(Image-caption web data)

***

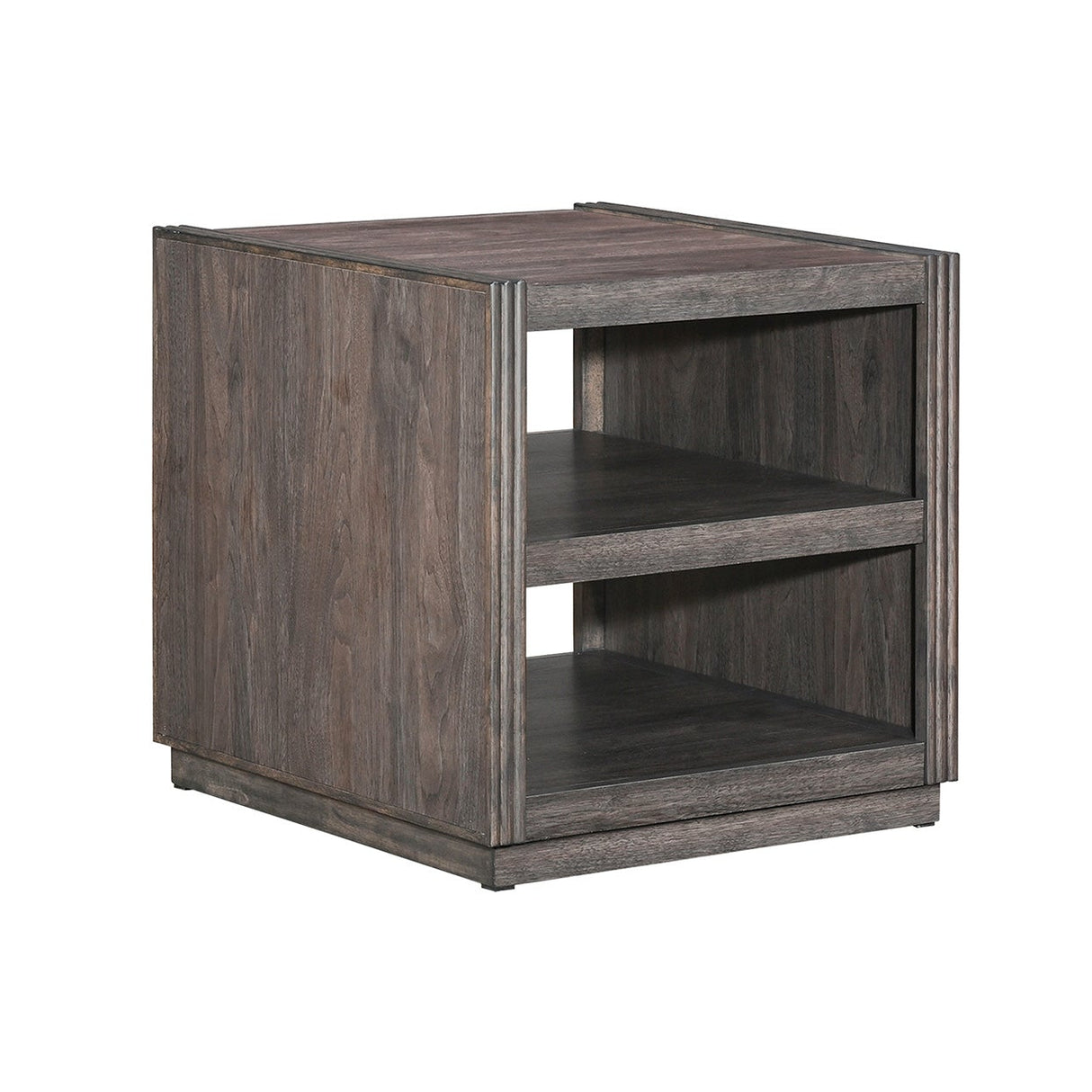 Front left view of Modern Edge Caffe End Table
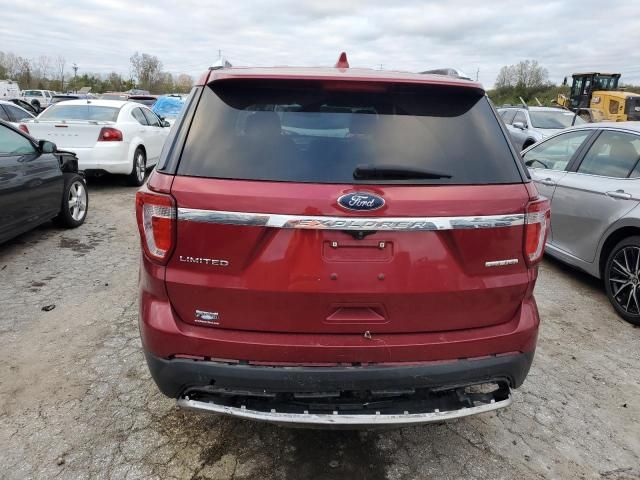 2016 Ford Explorer Limited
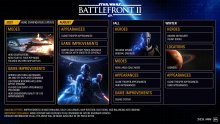 Star Wars Battlefront II Clones War Mise à jour planning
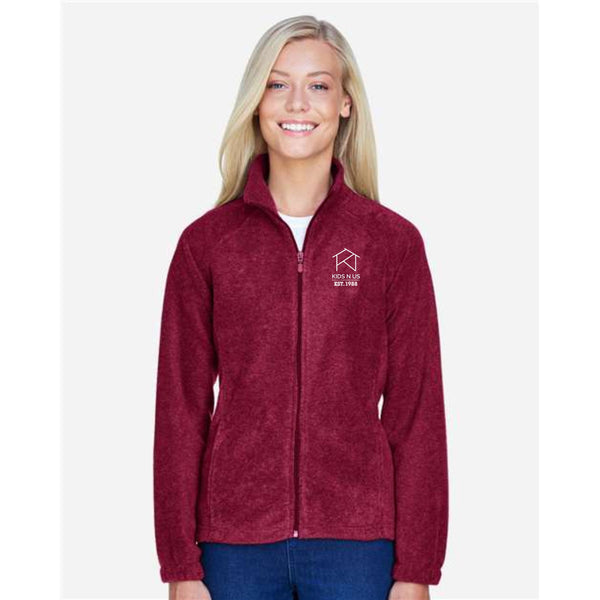 Harriton Women's Full-Zip Fleece
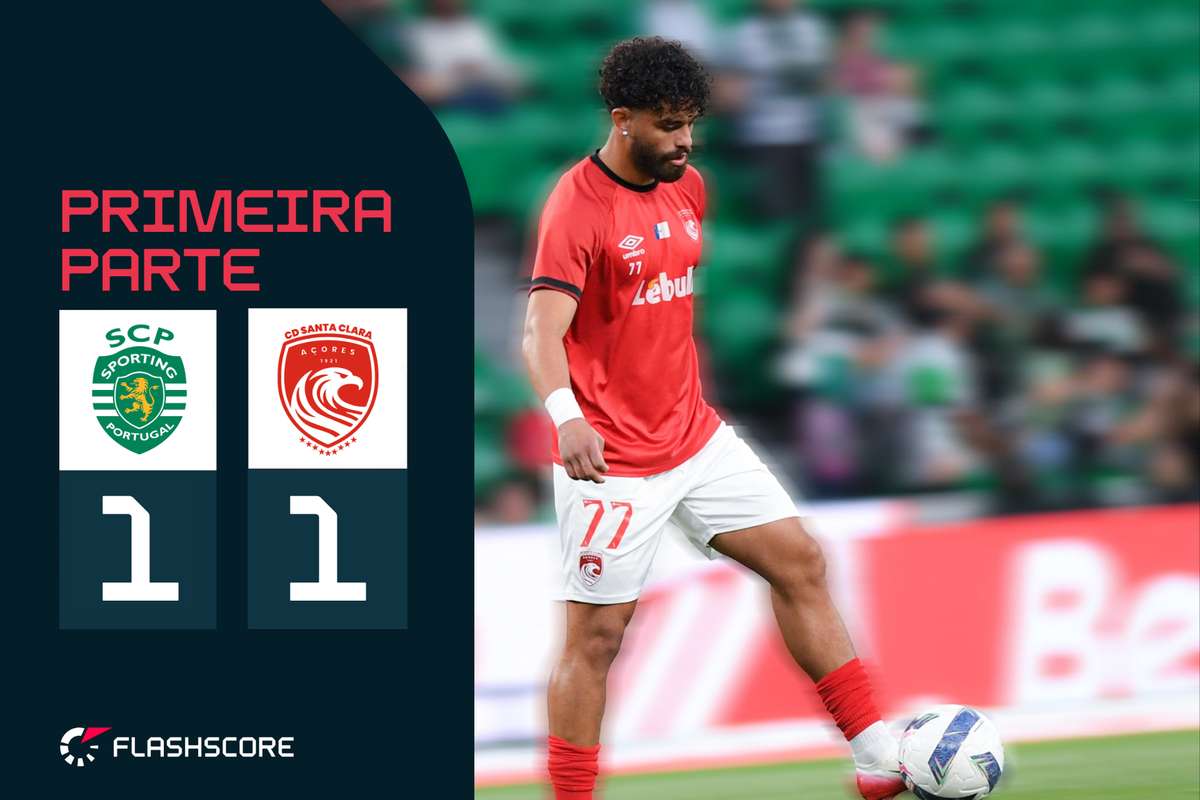 EM DIRETO: Gabriel Batista defende remate poderoso de Geny (27')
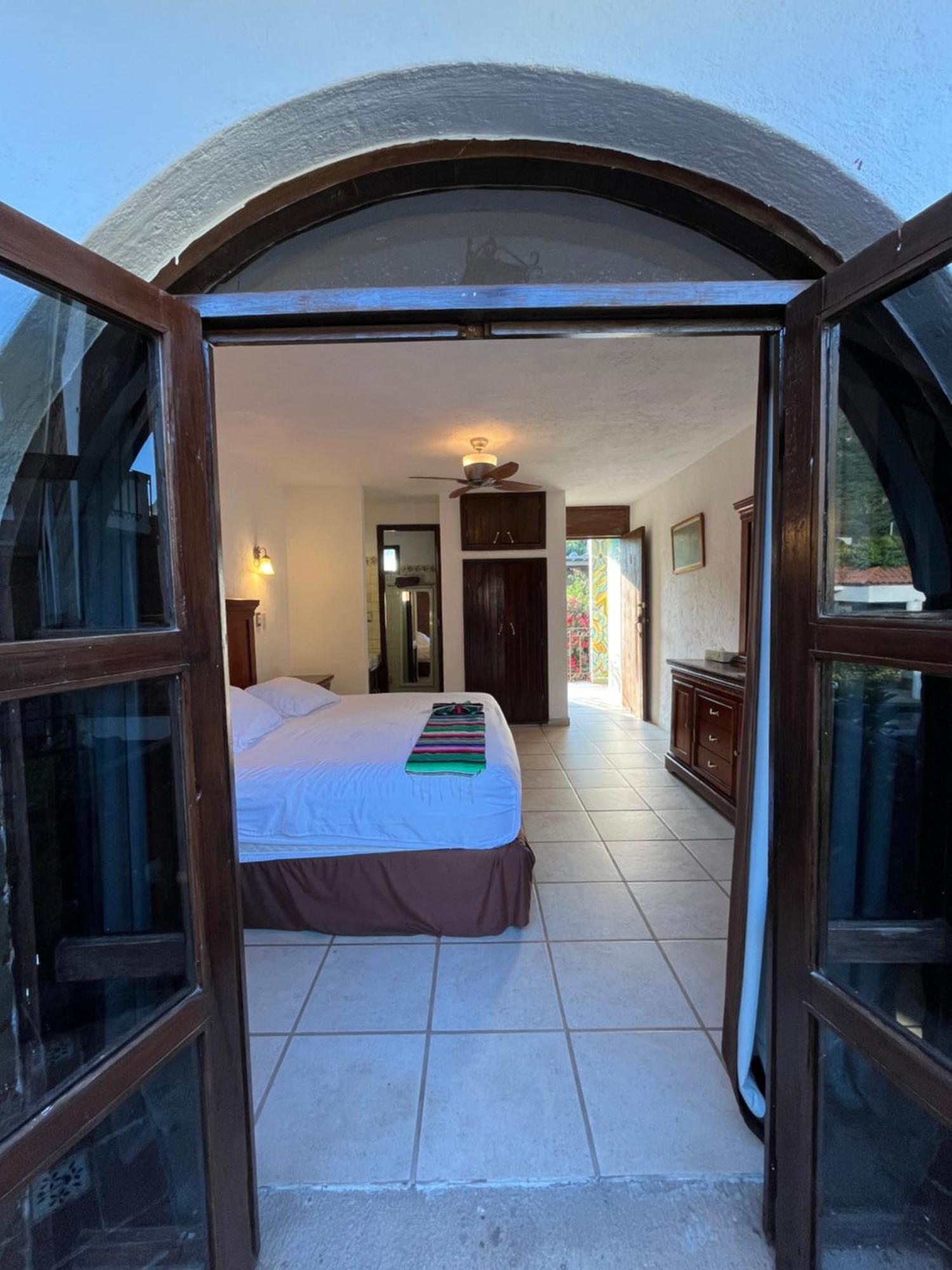 Hotel Hacienda Ventana Del Cielo Tepoztlán Dış mekan fotoğraf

***

Output only the lines running from the line with "Star Wars Battlefront" through the last line of the entries above, inclusive, with pictures excluded.

▶ Output for this exercise
 Star Wars Battlefront II Clones War Mise à jour planning
 Harriton Women's Full-Zip Fleece
 EM DIRETO: Gabriel Batista defende remate poderoso de Geny (27')
 Hotel Hacienda Ventana Del Cielo Tepoztlán Dış mekan fotoğraf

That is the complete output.